▶ **REQUIREMENT**:
Within the lines below, the span from the line with "43 Acres - 5432" to the line with "Imot.bg � ����������� 13", both ends included, is to be reproduced exactly, with pictures omitted.

▶ **GIVEN DATA**:
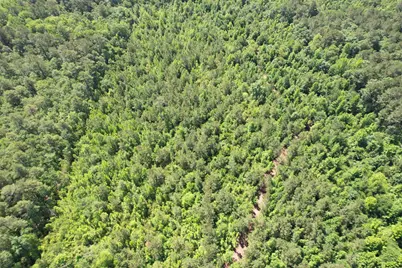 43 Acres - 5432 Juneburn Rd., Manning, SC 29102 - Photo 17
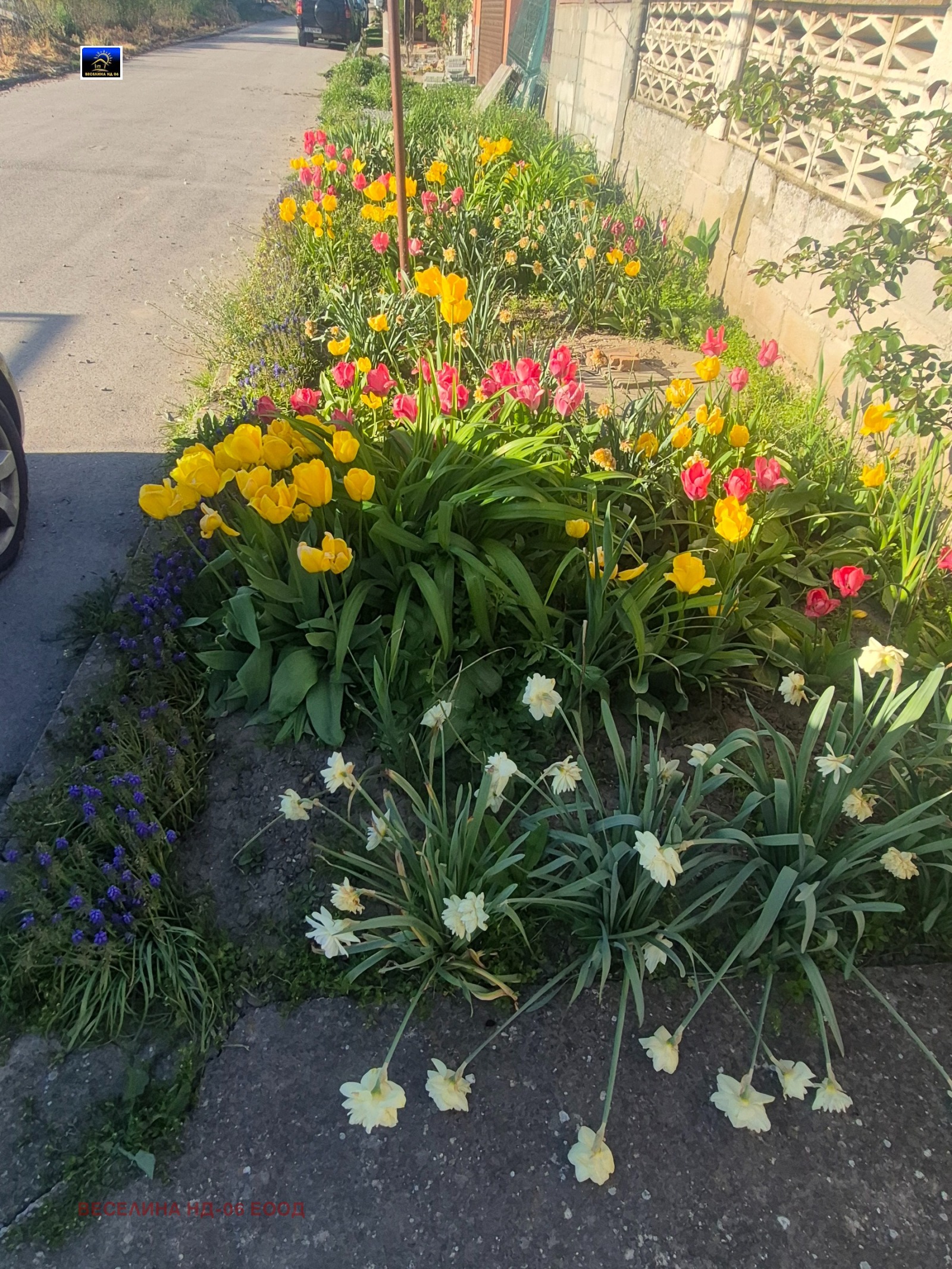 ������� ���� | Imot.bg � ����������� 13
---
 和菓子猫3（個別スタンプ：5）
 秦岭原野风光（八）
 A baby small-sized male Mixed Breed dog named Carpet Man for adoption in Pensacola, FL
* * *
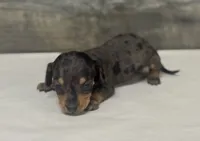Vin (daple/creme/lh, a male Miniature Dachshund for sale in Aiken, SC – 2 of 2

▶ **ANSWER BELOW**:
 43 Acres - 5432 Juneburn Rd., Manning, SC 29102 - Photo 17
 ������� ���� | Imot.bg � ����������� 13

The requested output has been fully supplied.